If you didn't have any money then, you just said so. There was no shame involved. We
were in the middle of a counterculture social revolution where money and material things
didn't matter. Far too much needed changing, so of course the
hardest workers toward making that change couldn't hold down
legitimate jobs. The Police hated us, we didn't think or look the way
they did. We never would. In Los Angeles the cops were brutal, but
you'll be reading more about that in my columns to come. In New
York, however, they didn't care what we looked like or how we
acted, as long as we weren't hurting anyone.

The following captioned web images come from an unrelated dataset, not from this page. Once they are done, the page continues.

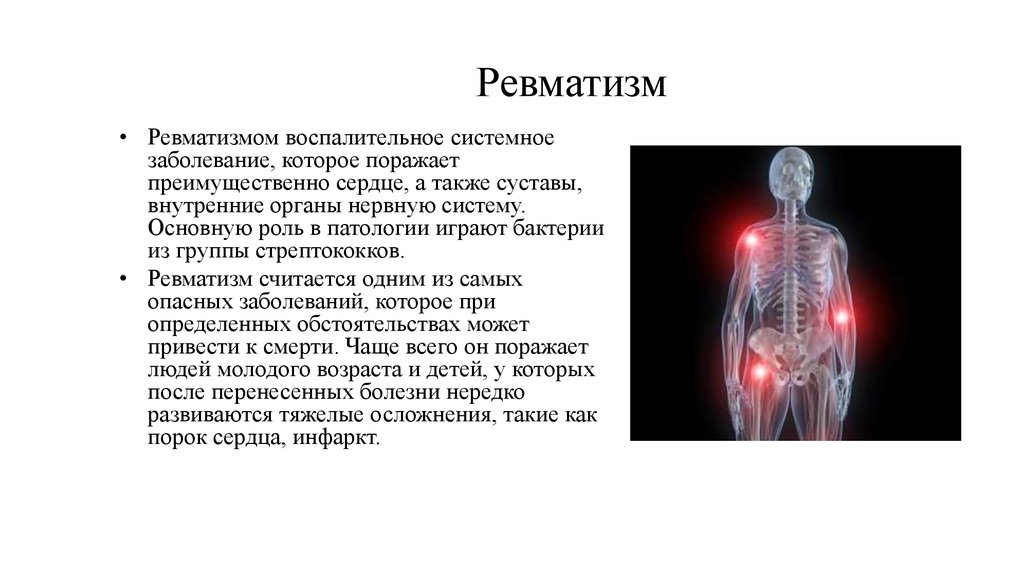 Ревматизм что. Ревматическое поражение нервной системы. Ревматизм жалобы.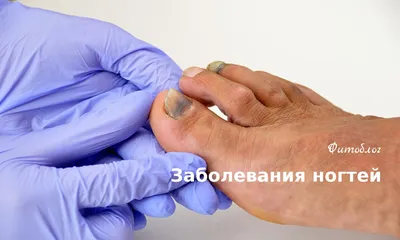 Причины появления желтых ногтей на большом пальце ноги и способы их  устранения
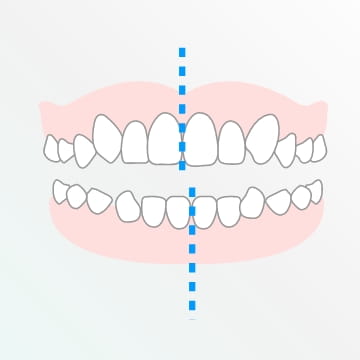 噛み合わせに問題がでるような歯並び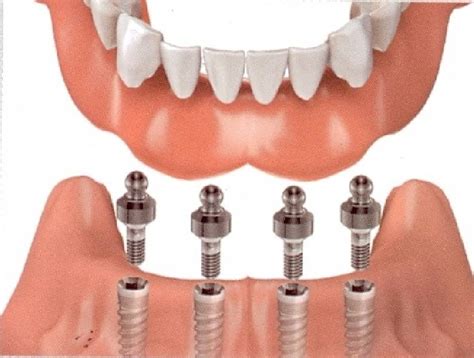 Cirujano Oral Est Tica Y Armonizaci N Casos Sobredentadura Con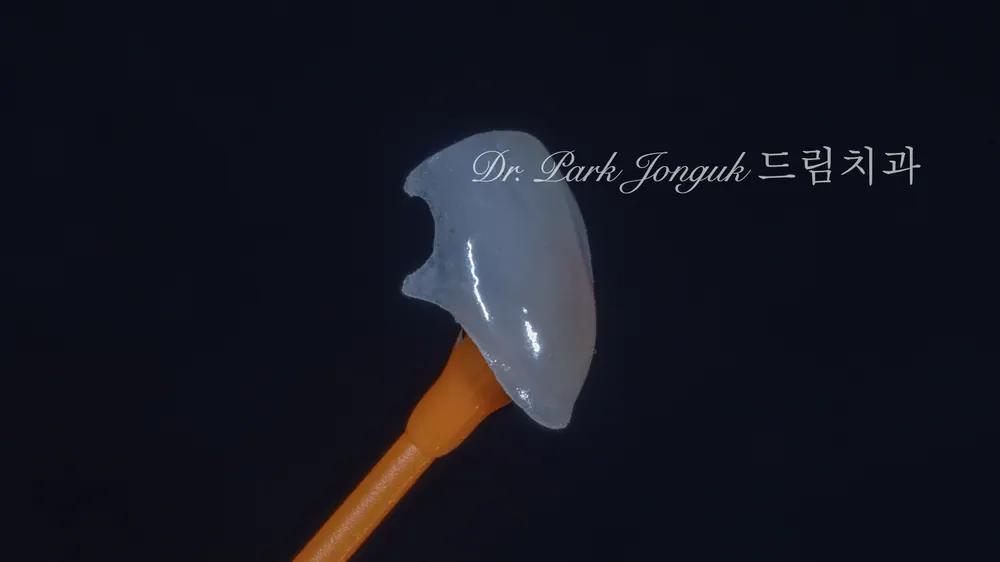 교정후 옥니, 블랙 트라이앵글의 무삭제 라미네이트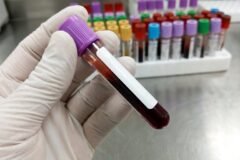 Novo exame de sangue capaz de detectar mais de 50 tipos de câncer chega ao Brasil no Hospital Israelita Albert Einstein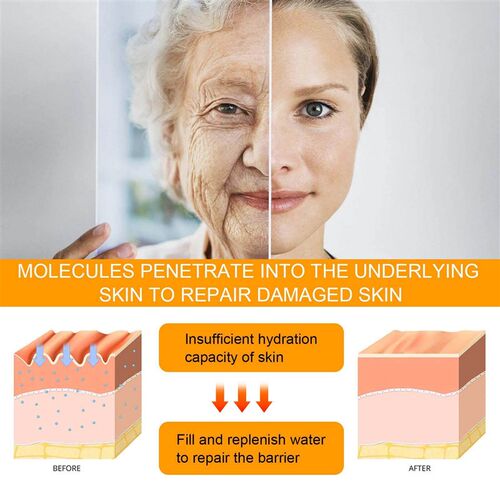HOYGI 5D Peptide Eye Repair Cream - Fades fine lines and cro
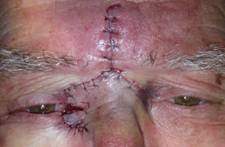 Eyelid Tumours 15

In this column, "Before The Road Ended," I intend to explain the
counterculture movement of the 60s in a way that should clear up
many misconceptions that are still held to this day. What we had to
do to protect ourselves. I'll try to explain the unwritten rules and the
birth of the Black Panthers. Angela Davis, Huey Newton, the Texas, Detroit, Philadelphia,
New Haven and Los Angeles police departments. How our parent's generation was
shocked by the capture of Gary Powers by the Russians. That's when the lid to the false jar
began to loosen. The rights of everyone in this country had been put on hold too long and
no one was saying a word. Is that progress? We fought the good fight, and it worked to
some extent. Now the whole mess is worse than it's ever been. Come on people, we have
to realize what's leading us down this un-chosen road. We have to find out how this
happened to us. Was anyone satisfied with our last election? Does anyone think our major
politicians are not bought and paid for by the time we're allowed our say? We'll see what
lessons we can pick up from history and how we might apply them now. We'll use the real
social history of the 1960's that's been so blatantly ignored, and see if we can't find a little
something that could help us out. Hell, it's worth a try.
So wake up you young and old radicals of the heart, there's no way of knowing what we'll
find. Who knows, maybe we'll find nothing. At least it will be a noble journey back.
I'll be talking to you soon. Set your clocks, goodnight.